Let $\triangle ABC$ be a acute-angled triangle so that $AB>AC$ and $\angle BAC = 60^\circ$. Let $O$ be the circumcenter and $H$ the orthocenter. Let $OH$ intersect $AB$ and $AC$ in $P$ and $Q$ respectively. Show that $AQ=AP$. Or alternatively, show that $\angle AOP$ and/or $\angle AHQ$ equal $\angle ACB+90-\angle BAC$
I know $BAO=CAH=90-\angle ACB$, but that's all I've got. I need one of two above. An elementary solution is preferred.
On
The length of $AH$ in any $\triangle ABC$ is given by $2R\cos A$, and can be proven rather easily using the sine rule.
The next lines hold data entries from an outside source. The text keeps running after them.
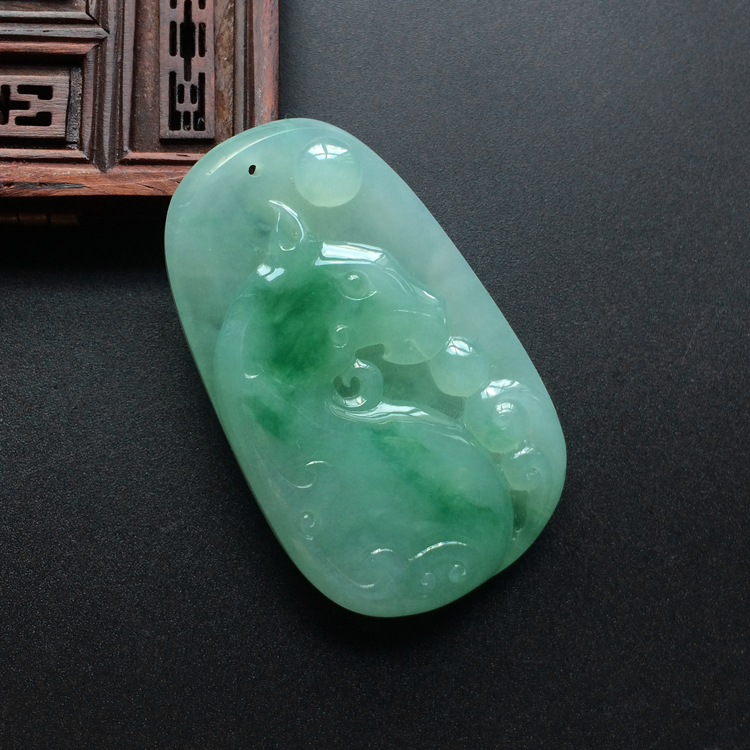 (超值推荐)糯冰种淡晴水飘翠马到成功挂件
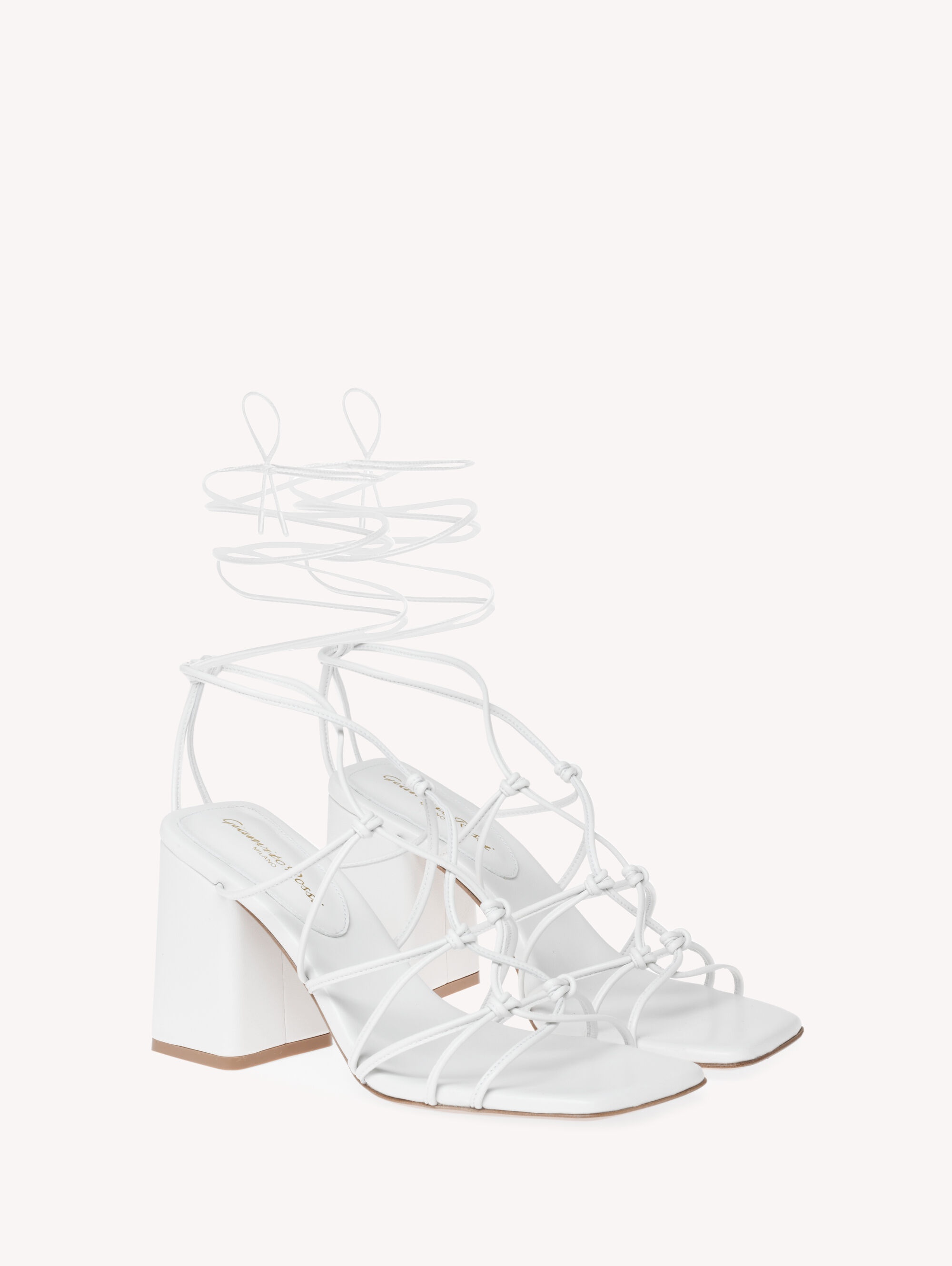 【関税込み】Gianvito Rossi ホワイト Minas ヒールサンダル Gianvito Rossi MINAS | REVERSIBLE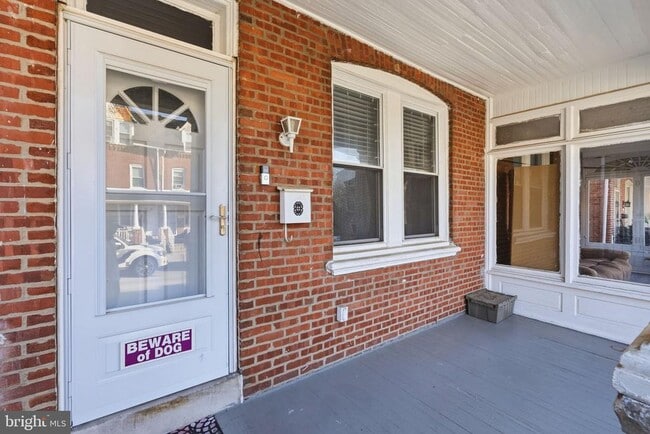 211 E Poplar St in Norristown, PA - Building Photo - Building Photo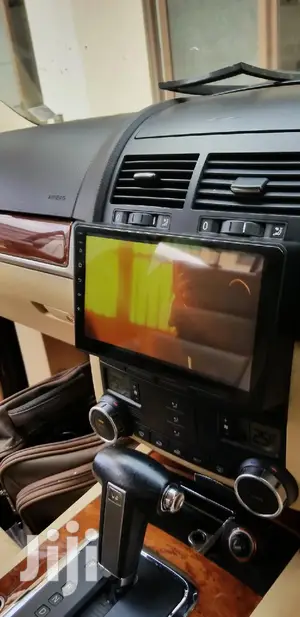 VW Touareg Car Radio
Thus, in this case $\cos A=\frac12$, thus $AH =OH$. Hence, $\angle POA=\angle QHA$.
Of course, $\angle OAP = \angle OAB = 90^{\circ}-\angle C=\angle HAC = \angle HAQ$. Thus, by virtue of ASA criterion, $\triangle APO \cong \triangle AQH$.
Construction: CH is produced to cut the circumference at X. BX, when joined, cuts QP produced at M.
The pink angles are all $30^0$.
OM is the perpendicular bisector of BX. This makes the angles marked red are all equal to $30^0$.
The above is sufficient to say $\angle AQH = \angle APQ = 60^0$